Y aquí aparece la crítica de Maquiavelo
citando a Julio César: Divide y vencerás. Y es que si fuera posible hacer
coincidir en tiempo y espacio todas las manifestaciones de todos los que
tenemos algo que reclamar, veríamos que no quedarían autos circulando a los
cuales afectar. Todos estaríamos solidariamente enarbolando diferentes banderas
en calles y plazas.
Y en ocasiones somos tan ingenuos creyéndonos
agraciados, que ni siquiera nos damos cuenta de dónde ha sido sembrada la
semilla de la desunión: En las nefastas concesiones. Llámale concesión de taxi,
concesión de transporte público, planta o plaza laboral, estación de radio o
televisión, explotación o venta de gas, agua, gasolina, tiempo aire o lo que se
le ocurra a la autoridad.
En principio, una concesión es otorgada por el
gobierno para que un particular ofrezca servicios a la comunidad aprovechando
los recursos, equipos, infraestructura y cualquier tipo de obra o bien público.

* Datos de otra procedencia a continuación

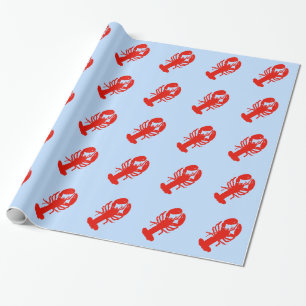 Papier Cadeau Homard sur le bleu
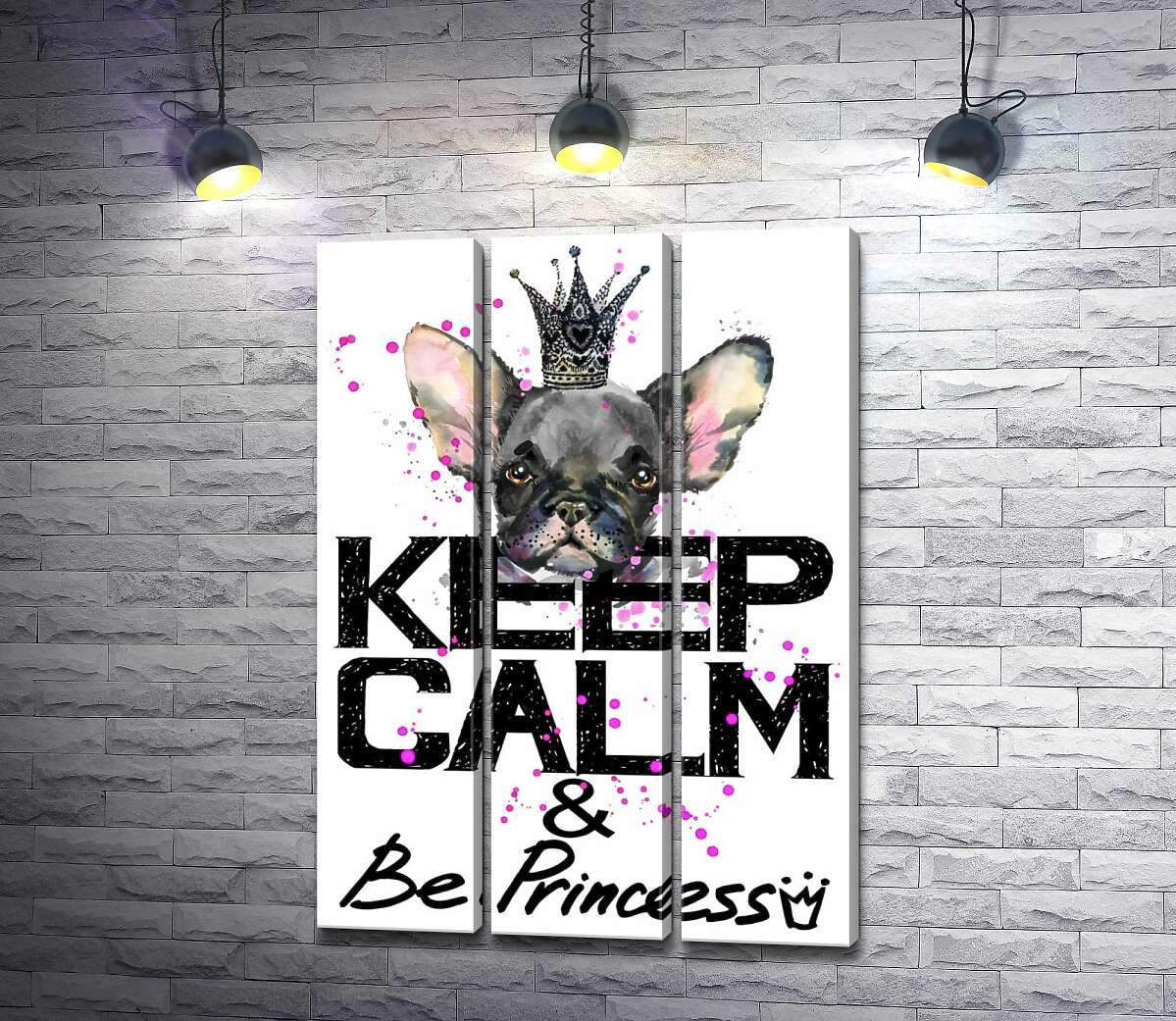 

Модульная картина ArtPoster Голова бульдога виднеется над надписью "keep calm and be princess" 60x88 см Модуль №11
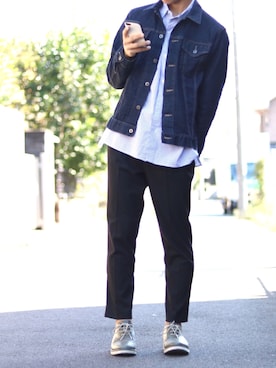 「アイテム（ドレスシューズ、グリーン系）」を使った、yoyo＊yoさん（メンズ・174cm）の秋コーディネート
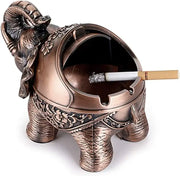 Vintage bronze decorbites elephant shaped windproof ashtray with intricate floral scrollwork for office decor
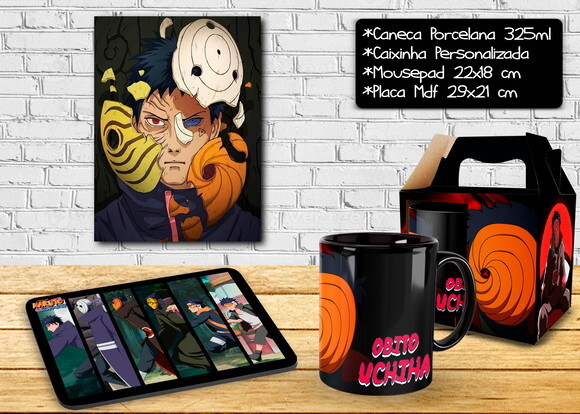 Caneca + Kit Geek Obito Uchiha com Nome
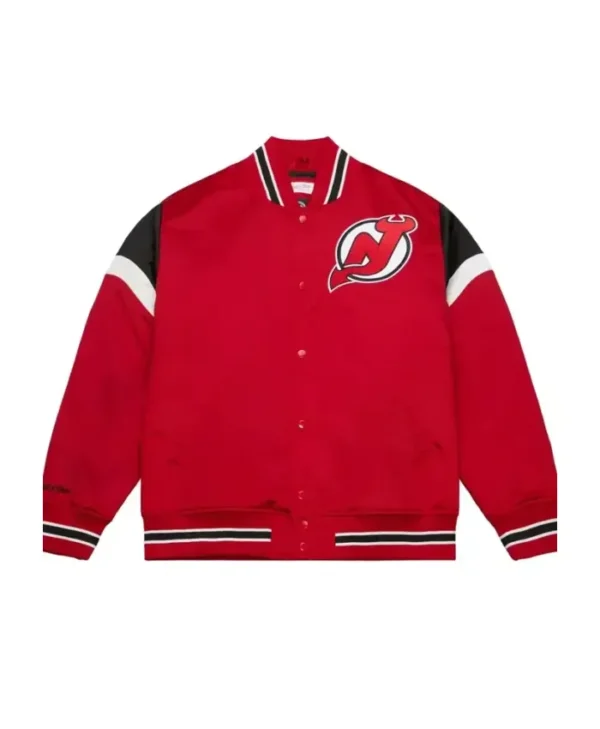 Devils Satin Red Varsity Jacket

Por supuesto, también existen concesiones en el ámbito privado como atender la
cafetería de la escuela, otorgar el servicio de transporte de material o
humano, tener un franquicia o distribución protegida de algún producto o
servicio, etcétera. Y todo tipo de concesión es un pequeño cáncer en la
economía porque es prima de ese terrible grillete llamado monopolio. La
concesión genera incompetencia.
Y la incompetencia genera carestía en las
cosas y su empobrecimiento en calidad. Hemos visto como ante la nula (gracias a
Dios) regulación oficial de las redes sociales y el internet, un mercado libre
de oferta concesionada ha conseguido que los medios electrónicos tradicionales mejoren
sus contenidos noticiosos acercándose más a una verdad objetiva que a esa
verdad subjetiva que antes ofrecían y que hoy las redes desenmascaran. De aquí
volvemos a nuestros amigos taxistas.
Entonces, ¿Qué pasaría si un día desaparecen
las concesiones de taxis? Nada malo. El buen taxista no tendría que renovar
ante la autoridad un oneroso permiso en actitud sometida; ni esa misma
licencia, permiso o concesión asemejaría en sentido figurado una forma de
guillotina. El auto en si, no es propiedad del estado y en estricto apego a
derecho, si un taxista está inscrito en algún régimen fiscal y cumple con sus
obligaciones, no debería existir reglamento que le impida dar un servicio de
transporte regido por la oferta y la demanda. Igual con el transporte urbano y
un sin número de concesiones.
En cada oficio hay buenos y malos oferentes
por la naturaleza humana, pero los servicios no debieran ser malos de
nacimiento por los vicios en la forma de manejar la administración pública en
México. Por eso me uno a los taxistas, transportistas, maestros y demás
manifestantes recurrentes que entienden la concesión como un lastre sujeto a
infinitas normatividades que lejos de beneficiar al mexicano, solo perpetúan la
sumisión ante la autoridad de oferentes y consumidores.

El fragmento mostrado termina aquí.